You can enable an alcoholic or drug addict by making excuses for them, giving reasons for their addiction, and without realizing that you are giving them exactly what they need to use or abuse. It may make you feel more comfortable, yet is the most damaging and hurtful behavior to them.They can only begin recovery when you stop enabling and allow the to be accountable for themselves.
You enable an abusive partner or spouse by making excuses as to why you’re bruised, why your self-esteem is but a foreign concept, and why you deserved to be abused. You’re not helping the abuser to stop, but merely giving him the license and free will to do so. It’s only when you get strong and secure within yourself that you’re able to break free and control YOUR behavior, not theirs.

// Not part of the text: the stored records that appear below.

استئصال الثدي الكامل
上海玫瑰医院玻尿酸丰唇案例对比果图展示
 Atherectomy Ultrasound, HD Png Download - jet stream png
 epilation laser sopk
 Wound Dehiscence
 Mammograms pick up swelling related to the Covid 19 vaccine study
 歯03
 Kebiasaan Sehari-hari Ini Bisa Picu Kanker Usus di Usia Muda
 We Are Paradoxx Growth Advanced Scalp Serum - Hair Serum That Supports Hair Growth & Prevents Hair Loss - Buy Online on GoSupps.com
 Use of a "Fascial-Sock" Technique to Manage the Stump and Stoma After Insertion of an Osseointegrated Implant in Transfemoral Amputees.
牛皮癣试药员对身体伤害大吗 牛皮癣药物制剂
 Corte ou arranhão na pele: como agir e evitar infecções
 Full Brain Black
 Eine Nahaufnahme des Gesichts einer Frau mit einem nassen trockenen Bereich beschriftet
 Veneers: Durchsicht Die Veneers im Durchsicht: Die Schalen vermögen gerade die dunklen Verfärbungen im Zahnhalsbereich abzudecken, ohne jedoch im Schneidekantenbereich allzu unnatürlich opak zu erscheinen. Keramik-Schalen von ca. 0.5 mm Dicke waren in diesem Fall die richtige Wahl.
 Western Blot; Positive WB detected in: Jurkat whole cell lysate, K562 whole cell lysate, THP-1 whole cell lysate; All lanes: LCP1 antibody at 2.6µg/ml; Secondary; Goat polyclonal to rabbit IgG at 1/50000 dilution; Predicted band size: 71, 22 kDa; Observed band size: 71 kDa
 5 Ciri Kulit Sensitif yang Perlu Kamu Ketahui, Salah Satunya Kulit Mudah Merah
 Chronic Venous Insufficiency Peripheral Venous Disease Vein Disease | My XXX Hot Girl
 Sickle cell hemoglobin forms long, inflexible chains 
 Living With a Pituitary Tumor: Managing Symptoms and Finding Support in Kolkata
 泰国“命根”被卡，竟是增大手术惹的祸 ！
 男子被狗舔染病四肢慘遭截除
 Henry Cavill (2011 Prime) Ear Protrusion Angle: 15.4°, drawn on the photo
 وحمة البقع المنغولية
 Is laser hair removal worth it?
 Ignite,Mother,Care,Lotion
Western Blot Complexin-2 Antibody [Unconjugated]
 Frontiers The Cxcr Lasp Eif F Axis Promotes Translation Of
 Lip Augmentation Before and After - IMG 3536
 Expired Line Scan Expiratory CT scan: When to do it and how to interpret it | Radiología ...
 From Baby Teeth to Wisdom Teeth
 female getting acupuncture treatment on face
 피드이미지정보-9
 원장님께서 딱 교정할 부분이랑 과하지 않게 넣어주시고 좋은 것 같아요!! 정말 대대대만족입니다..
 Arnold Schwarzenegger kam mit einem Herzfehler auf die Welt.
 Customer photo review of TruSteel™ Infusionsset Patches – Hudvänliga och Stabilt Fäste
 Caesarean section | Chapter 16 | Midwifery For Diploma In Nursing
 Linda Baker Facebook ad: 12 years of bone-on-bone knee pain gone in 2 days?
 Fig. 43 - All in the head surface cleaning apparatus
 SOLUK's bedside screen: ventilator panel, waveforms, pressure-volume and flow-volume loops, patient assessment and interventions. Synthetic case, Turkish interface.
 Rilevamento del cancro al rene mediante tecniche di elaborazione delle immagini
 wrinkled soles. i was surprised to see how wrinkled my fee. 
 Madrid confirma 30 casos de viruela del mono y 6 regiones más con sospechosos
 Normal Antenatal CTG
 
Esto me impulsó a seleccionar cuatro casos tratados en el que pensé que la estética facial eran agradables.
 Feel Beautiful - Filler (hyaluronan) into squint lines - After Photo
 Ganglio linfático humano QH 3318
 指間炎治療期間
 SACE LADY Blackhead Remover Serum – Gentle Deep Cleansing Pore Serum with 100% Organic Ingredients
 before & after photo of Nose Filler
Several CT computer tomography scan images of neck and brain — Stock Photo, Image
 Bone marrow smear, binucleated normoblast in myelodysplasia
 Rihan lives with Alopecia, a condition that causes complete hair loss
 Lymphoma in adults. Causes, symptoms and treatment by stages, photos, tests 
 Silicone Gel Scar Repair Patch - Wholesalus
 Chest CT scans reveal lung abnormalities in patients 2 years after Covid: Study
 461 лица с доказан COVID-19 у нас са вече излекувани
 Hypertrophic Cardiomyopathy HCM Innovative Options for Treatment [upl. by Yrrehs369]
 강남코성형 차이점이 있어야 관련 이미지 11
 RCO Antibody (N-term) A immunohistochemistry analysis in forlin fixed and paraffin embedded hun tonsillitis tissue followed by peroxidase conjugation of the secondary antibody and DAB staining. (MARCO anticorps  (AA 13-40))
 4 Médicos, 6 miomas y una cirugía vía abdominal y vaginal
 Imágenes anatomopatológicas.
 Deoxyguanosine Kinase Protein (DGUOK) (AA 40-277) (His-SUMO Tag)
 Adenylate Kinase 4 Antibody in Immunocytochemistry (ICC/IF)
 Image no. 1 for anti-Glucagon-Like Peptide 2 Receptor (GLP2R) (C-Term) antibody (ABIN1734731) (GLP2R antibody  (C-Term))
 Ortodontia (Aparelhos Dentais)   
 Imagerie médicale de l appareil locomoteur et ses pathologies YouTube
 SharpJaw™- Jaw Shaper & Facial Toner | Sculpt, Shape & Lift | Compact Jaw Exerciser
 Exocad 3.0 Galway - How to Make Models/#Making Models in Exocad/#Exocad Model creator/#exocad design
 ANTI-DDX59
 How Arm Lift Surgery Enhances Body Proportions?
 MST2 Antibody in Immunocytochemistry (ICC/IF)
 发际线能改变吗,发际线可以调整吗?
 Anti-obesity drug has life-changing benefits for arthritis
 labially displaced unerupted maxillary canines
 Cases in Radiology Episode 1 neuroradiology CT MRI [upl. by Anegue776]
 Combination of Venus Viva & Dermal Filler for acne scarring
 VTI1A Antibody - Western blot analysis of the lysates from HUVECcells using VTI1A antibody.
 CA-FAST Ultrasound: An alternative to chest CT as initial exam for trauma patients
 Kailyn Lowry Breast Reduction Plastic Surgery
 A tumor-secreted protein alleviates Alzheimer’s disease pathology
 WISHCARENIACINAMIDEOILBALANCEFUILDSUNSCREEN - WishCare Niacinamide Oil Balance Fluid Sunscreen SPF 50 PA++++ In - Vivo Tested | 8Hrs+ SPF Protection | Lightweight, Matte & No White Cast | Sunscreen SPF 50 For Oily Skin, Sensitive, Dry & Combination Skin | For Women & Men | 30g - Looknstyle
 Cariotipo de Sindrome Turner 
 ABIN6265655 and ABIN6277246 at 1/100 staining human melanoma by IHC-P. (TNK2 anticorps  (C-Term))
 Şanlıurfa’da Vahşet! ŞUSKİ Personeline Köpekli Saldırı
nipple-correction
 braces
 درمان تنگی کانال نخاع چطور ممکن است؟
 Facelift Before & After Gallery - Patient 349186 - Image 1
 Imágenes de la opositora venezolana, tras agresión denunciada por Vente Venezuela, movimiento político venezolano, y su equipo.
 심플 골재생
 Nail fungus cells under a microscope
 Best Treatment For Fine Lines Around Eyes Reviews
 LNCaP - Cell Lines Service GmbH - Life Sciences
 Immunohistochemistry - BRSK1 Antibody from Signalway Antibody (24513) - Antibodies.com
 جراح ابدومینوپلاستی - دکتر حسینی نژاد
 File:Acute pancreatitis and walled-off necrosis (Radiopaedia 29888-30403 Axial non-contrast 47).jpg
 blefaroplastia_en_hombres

It’s not until you are faced with the ultimate decision: enable the behavior or disable your control. And the truth is, no enabler really has control over the enabled; you just give them a comfort zone of knowing you’ve allowed their destructive behavior to be okay.
It’s hard to let someone you love make a mistake or willingly harm themselves, yet it has to be their choice and, ultimately, their decision to stop the destructive behavior. You can say all the right things, do all the right things, and want all the right things, yet that doesn’t make it so. You have to “love them enough to let them go.” Love them enough to make their own mistakes and learn from them. Love them enough to learn to control their own behavior. Love them enough to let them learn to love themselves.
“Enabling” someone will not solve their problem; it will make their problem worse.
You have to ask yourself: Do I want to enable their behavior or disable my control?.
And in your heart you already know the right answer.